- Born: 1952 (age 73–74) London, England
- Education: Wellington College; Magdalene College, Cambridge
- Occupations: Writer and journalist
- Notable credit: London Review of Books

= Jeremy Harding =

British writer and journalist (born 1952)

Jeremy Harding (born 1952) is a British writer and journalist, based in the south of France. He is a contributing editor at London Review of Books. He is the author of books including Small Wars, Small Mercies (1993), The Uninvited: Refugees at the Rich Man's Gate (2000), Mother Country: Memoir of an Adopted Boy (2006), and Border Vigils: Keeping Migrants Out of the Rich World (2012).

==Life and work==
Harding was born in London, England, where he was placed for adoption at 11 days old by his Irish mother. He grew up in West London. He tells the story of his adoption and the search for his biological mother in the book Mother Country: Memoir of an Adopted Boy (2006). He was later educated at Wellington College and Magdalene College, Cambridge, where he read English.

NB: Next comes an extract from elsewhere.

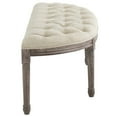 thumbnail image 2 of Industrial Country Cottage Farm Beach House Living Room Lounge Club Lobby Accent Chair Bench, Vintage Style, Fabric Wood, Beige, 2 of 6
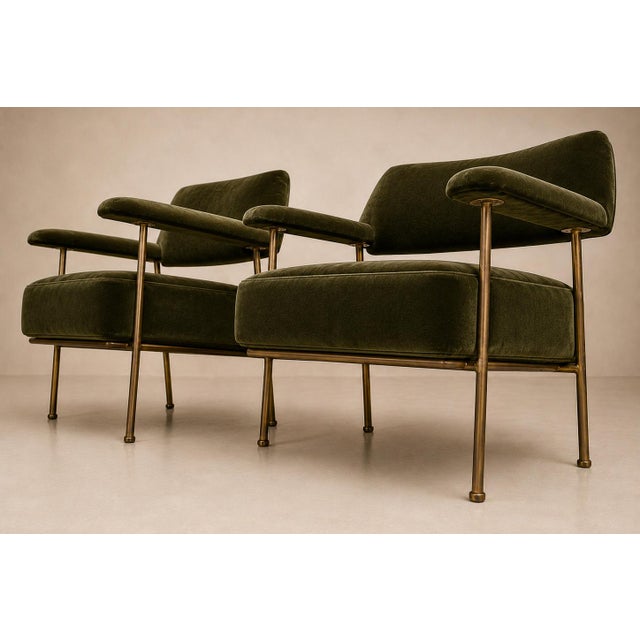 Brazilian Modern Pair of Armchairs in Aged Brass & Olive Green Mohair by Joaquim Tenreiro, 1950s For Sale In New York - Image 6 of 17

Harding is a contributing editor at the London Review of Books. He lives in France, an hour from Bordeaux, with his wife and three sons.

==Publications==
===Publications by Harding===
- Small Wars, Small Mercies: Journeys in Africa's Disputed Nations. London: Penguin, 1993. ISBN 9780140134339.
  - The Fate of Africa: Trial by Fire. New York: Simon & Schuster, 1993. ISBN 9780671723590.
- The Uninvited: Refugees at the Rich Man's Gate (2000).
- Mother Country: Memoir of an Adopted Boy (2006).
- Border Vigils: Keeping Migrants Out of the Rich World (2012).
- Analogue Africa: Notes on the Anti-Colonial Imagination. London: Verso Books, 2026. ISBN 9781804295960.

===Publications with contributions by Harding===
- Arthur Rimbaud: Selected Poems and Letters. Penguin Classics. London: Penguin, 2004. ISBN 978-0140448023. Translated by Harding and John Sturrock.